- WHAT TO PRODUCE: Retype each line of the data below exactly, beginning with the first and ending with the one that contains "Heirs and Graces: A". Pictures do not belong in the copy.

- SUPPLIED MATERIAL:
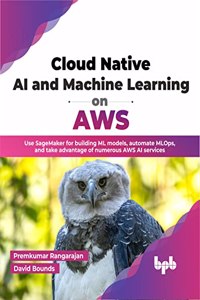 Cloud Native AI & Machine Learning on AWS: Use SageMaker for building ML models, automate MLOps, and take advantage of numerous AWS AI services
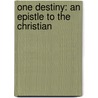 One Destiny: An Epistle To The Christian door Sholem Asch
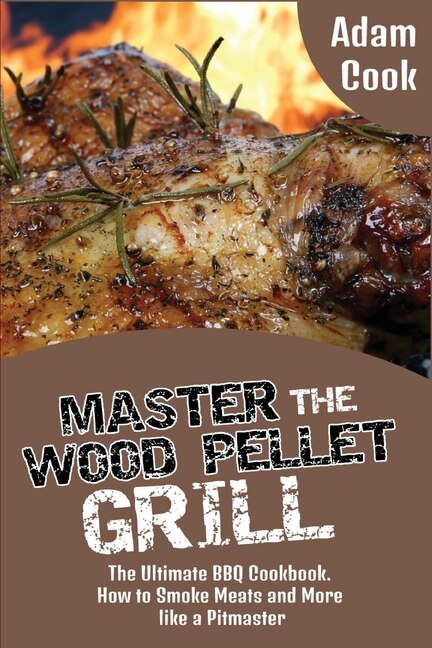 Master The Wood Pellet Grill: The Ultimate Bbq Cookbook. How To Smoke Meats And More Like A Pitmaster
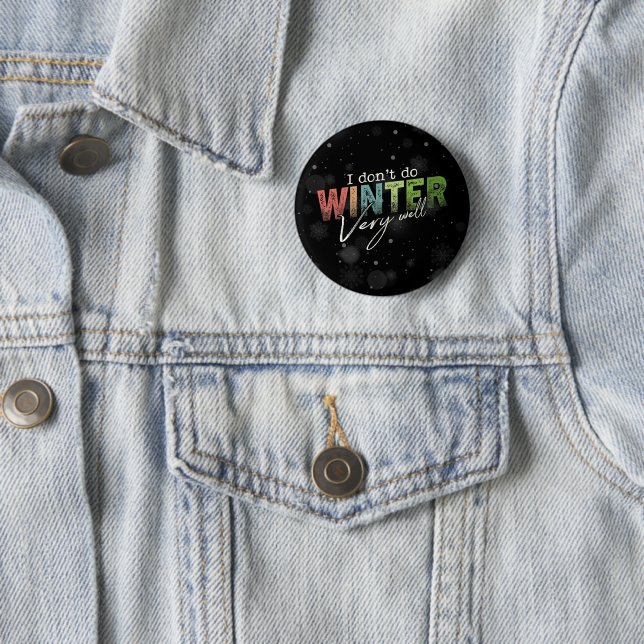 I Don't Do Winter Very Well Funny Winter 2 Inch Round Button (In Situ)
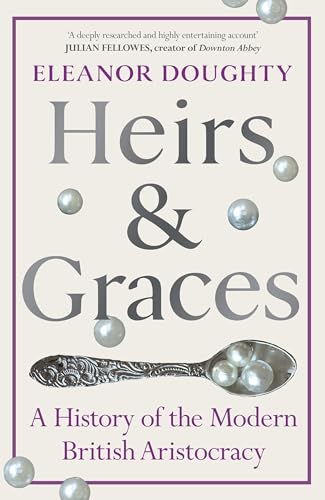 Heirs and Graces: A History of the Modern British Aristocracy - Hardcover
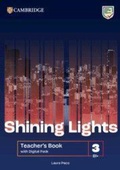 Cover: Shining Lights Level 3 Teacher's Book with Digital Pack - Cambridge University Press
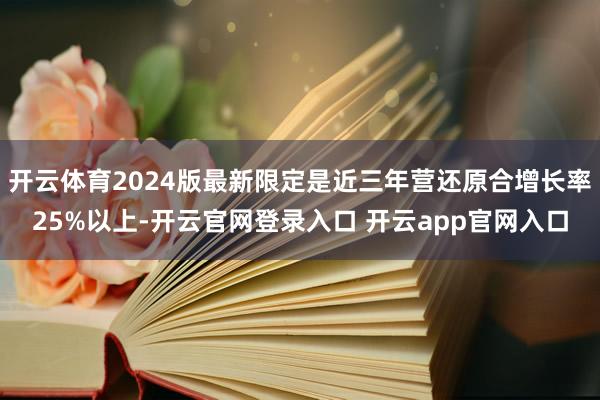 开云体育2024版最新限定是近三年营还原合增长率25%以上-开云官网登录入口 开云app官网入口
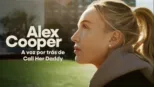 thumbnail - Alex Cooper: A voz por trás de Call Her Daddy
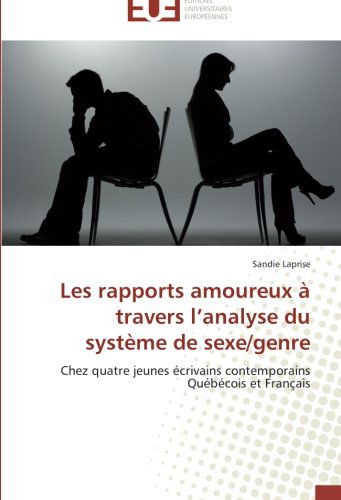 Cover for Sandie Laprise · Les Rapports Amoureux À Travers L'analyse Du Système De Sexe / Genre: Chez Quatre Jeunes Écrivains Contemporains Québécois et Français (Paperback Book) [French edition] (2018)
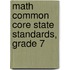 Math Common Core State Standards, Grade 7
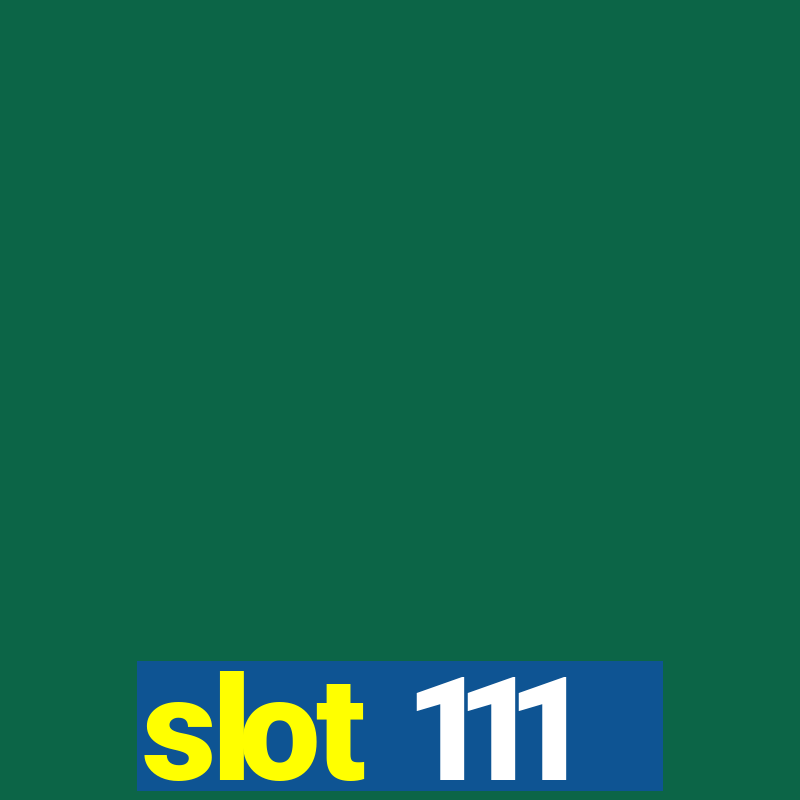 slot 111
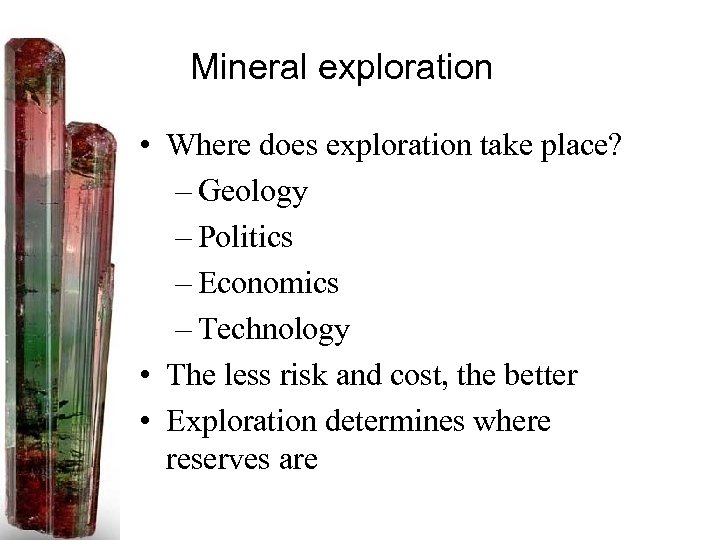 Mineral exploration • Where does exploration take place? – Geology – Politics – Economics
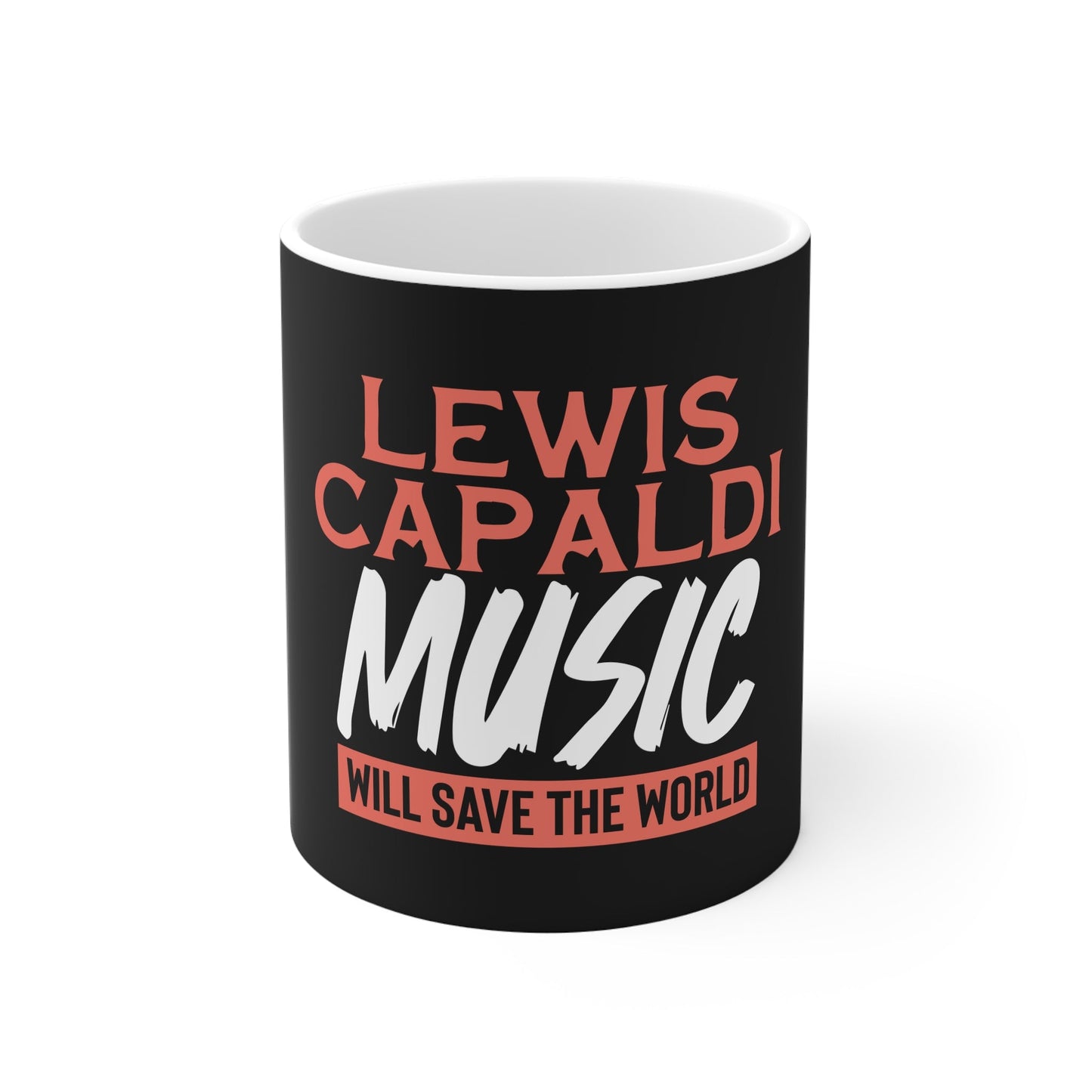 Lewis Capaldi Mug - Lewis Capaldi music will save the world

- RESPONSE TO THIS TASK:
 Cloud Native AI & Machine Learning on AWS: Use SageMaker for building ML models, automate MLOps, and take advantage of numerous AWS AI services
 One Destiny: An Epistle To The Christian door Sholem Asch
 Master The Wood Pellet Grill: The Ultimate Bbq Cookbook. How To Smoke Meats And More Like A Pitmaster
 I Don't Do Winter Very Well Funny Winter 2 Inch Round Button (In Situ)
 Heirs and Graces: A History of the Modern British Aristocracy - Hardcover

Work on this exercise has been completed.